Return exactly, with nothing added, the lines from the one that contains "Noike Redbee 7,2cm Purple Chartreuse UV #149" through the end of the listing below, pictures excluded.

::: Dataset content :::

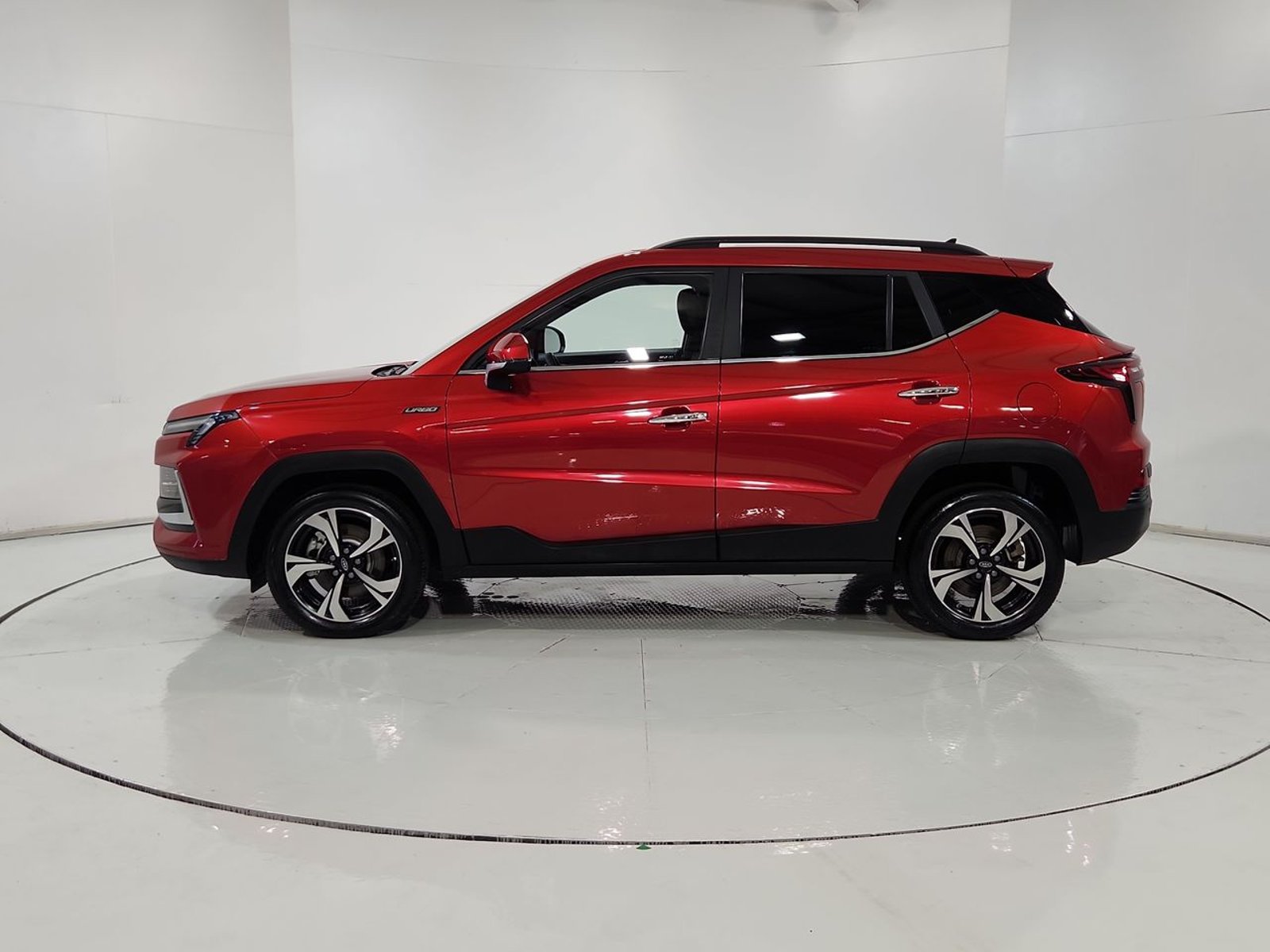 Jac JS4 TURBO CVT 1.5 AUT 2021 - Imagen 5 de 20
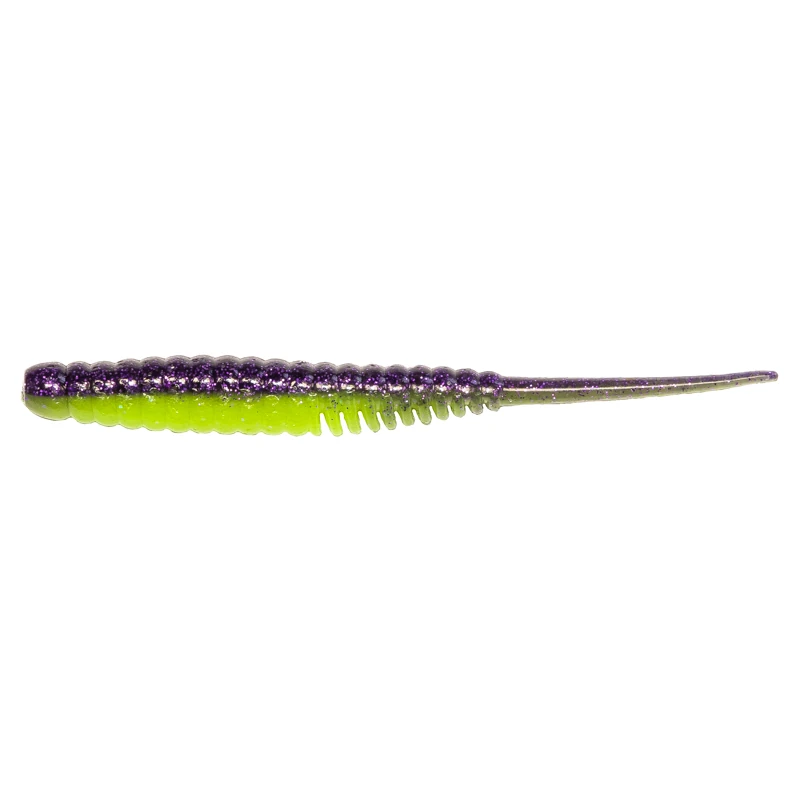 Noike Redbee 7,2cm Purple Chartreuse UV #149
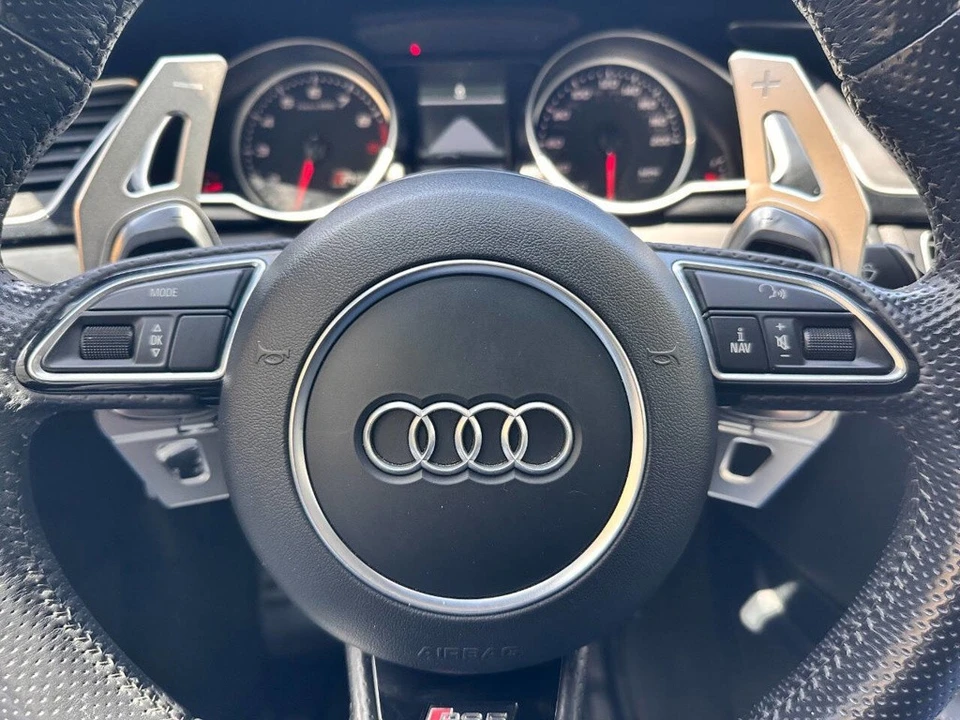 2014 Audi B8 RS5 - Image 16 of 24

:::

■ **Response to the task**
 Noike Redbee 7,2cm Purple Chartreuse UV #149
 2014 Audi B8 RS5 - Image 16 of 24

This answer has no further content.